In the past year, Washburn also completed the ASCE and hopes to use this information to fuel other campus-wide infrastructure development.  They had worked to make some significant changes to the curricular requirements and structure for students that would provide connection with and support for civic engagement; some of these have not yet been fully implemented.
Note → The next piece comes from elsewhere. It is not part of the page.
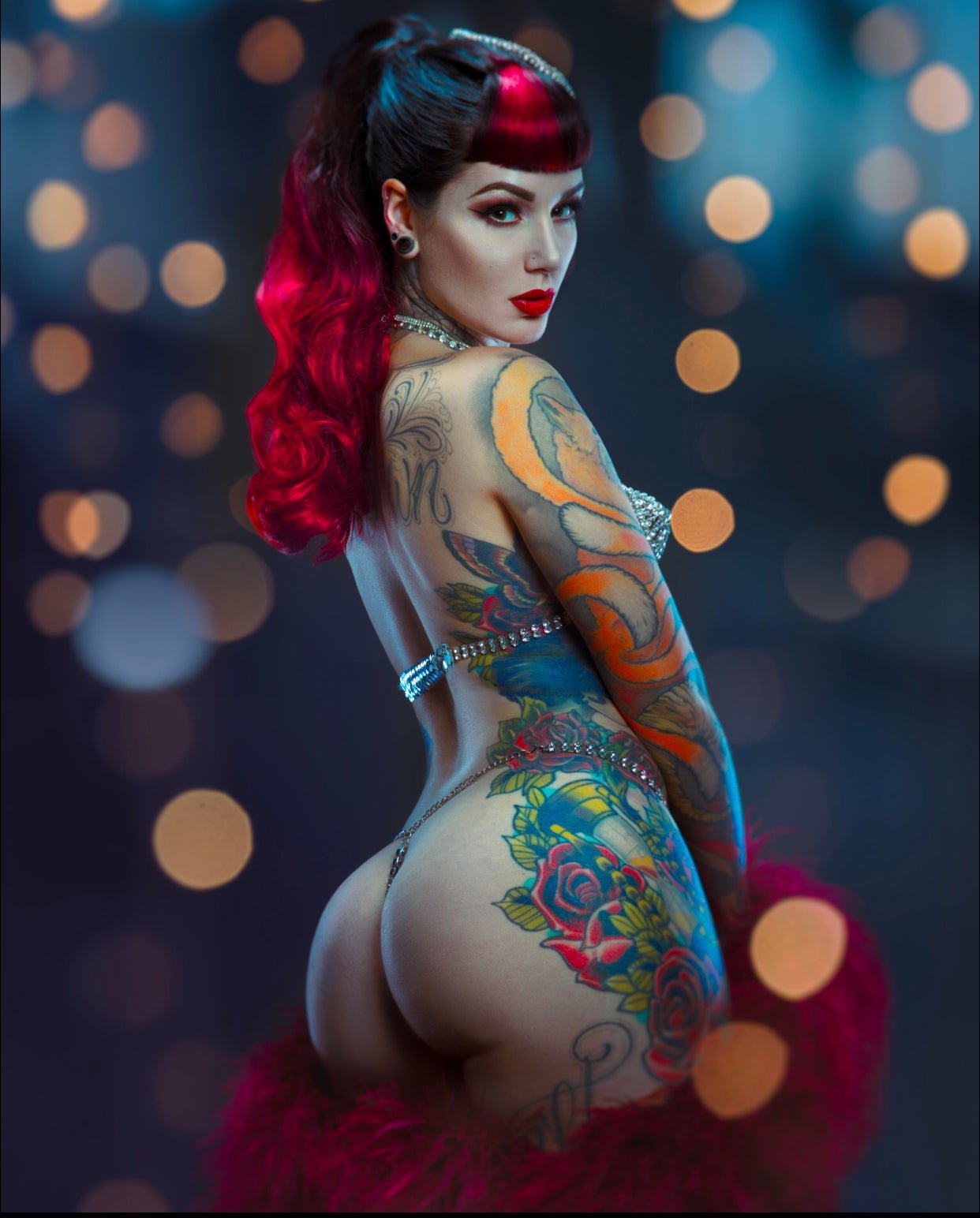 Nude cervena fox Mike White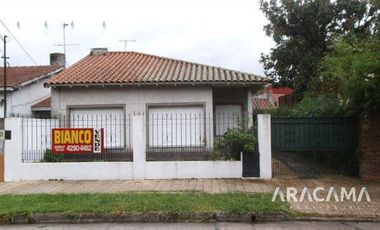 Mazza 340 - Monte Grande  /  APTO A CREDITO!!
The program has also experimented with policy research, participating in the PolicyOptions project.

 

In terms of assessment, one academic course is experimenting with some qualitative study of community partners.  

 

Contacts:  Rick Ellis (rick.ellis@washburn.edu) and Kristine Hart (kristine.hart@washburn.edu)

 

 

Wofford College (Spartanburg, SC)

 

Wofford’s Bonner Scholars Program in the past year made a major shift from an individual placement strategy to a project-oriented team model.  In this process, they winnowed from 60 partners to 10 for the program.  Partners and staff discussed the projects through the lens of an anti-poverty, social justice framework, but students themselves have also taken on much responsibility for the design and implementation of these shifts.

 

These changes were also informed by surfacing issues in the Spartanburg area, building on the seventy year work of the community indicators project, which identified a set of community-wide indicators of well-being (e.g., poverty rates, unemployment rates, teen pregnancy, and so on).  These indicators, however, still raise questions at times about how the volunteers work should be focused (e.g. is enrolling families in food stamps a step towards eliminating hunger?).

 

In addition, Wofford hopes to work more collaboratively with other area colleges and universities in a way that aligns with a community-assessment approach.  In terms of other assessment, they are talking about ways to assess the effectiveness of training and education for students, using a pre- and post- test.